-- EXERCISE DESCRIPTION --
For the word "wooden", find each line in the entries where it occurs and copy that line.

DATA FOR ANALYSIS Block Start

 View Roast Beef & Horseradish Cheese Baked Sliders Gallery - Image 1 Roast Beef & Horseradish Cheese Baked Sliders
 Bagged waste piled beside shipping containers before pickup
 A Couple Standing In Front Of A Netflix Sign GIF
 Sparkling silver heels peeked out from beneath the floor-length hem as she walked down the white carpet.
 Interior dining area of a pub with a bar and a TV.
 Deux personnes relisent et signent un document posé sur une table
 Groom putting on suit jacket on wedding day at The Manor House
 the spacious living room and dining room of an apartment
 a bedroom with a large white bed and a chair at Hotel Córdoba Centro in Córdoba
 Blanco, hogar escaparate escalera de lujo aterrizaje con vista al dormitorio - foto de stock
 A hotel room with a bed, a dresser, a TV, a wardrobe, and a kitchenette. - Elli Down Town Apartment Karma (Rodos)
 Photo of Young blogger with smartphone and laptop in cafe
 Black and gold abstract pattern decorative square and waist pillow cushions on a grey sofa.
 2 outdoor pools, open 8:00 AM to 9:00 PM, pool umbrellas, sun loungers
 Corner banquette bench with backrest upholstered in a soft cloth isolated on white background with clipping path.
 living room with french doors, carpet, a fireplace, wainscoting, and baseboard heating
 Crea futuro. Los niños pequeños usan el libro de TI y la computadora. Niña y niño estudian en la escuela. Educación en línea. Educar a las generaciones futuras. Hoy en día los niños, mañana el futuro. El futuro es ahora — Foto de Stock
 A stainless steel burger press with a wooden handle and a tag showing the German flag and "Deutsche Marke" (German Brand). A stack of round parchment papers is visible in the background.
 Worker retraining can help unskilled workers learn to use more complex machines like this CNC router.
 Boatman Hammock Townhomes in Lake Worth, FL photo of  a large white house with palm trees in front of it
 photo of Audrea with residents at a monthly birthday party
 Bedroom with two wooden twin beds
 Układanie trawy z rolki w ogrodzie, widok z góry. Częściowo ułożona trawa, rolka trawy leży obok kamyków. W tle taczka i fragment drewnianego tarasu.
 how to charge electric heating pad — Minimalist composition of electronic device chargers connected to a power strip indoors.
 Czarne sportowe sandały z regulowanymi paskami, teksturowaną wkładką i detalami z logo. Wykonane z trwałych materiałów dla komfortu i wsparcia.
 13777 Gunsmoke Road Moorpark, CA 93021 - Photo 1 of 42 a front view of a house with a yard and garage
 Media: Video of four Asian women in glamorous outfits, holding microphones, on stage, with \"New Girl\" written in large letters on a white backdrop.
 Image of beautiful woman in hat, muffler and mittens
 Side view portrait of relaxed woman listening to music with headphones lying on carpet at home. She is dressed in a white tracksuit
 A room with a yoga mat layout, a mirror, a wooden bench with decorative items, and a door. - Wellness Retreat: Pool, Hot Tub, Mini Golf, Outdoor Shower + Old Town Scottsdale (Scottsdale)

DATA FOR ANALYSIS Block End

-- SOLVED EXERCISE --
 A stainless steel burger press with a wooden handle and a tag showing the German flag and "Deutsche Marke" (German Brand). A stack of round parchment papers is visible in the background.
 Bedroom with two wooden twin beds
 A room with a yoga mat layout, a mirror, a wooden bench with decorative items, and a door. - Wellness Retreat: Pool, Hot Tub, Mini Golf, Outdoor Shower + Old Town Scottsdale (Scottsdale)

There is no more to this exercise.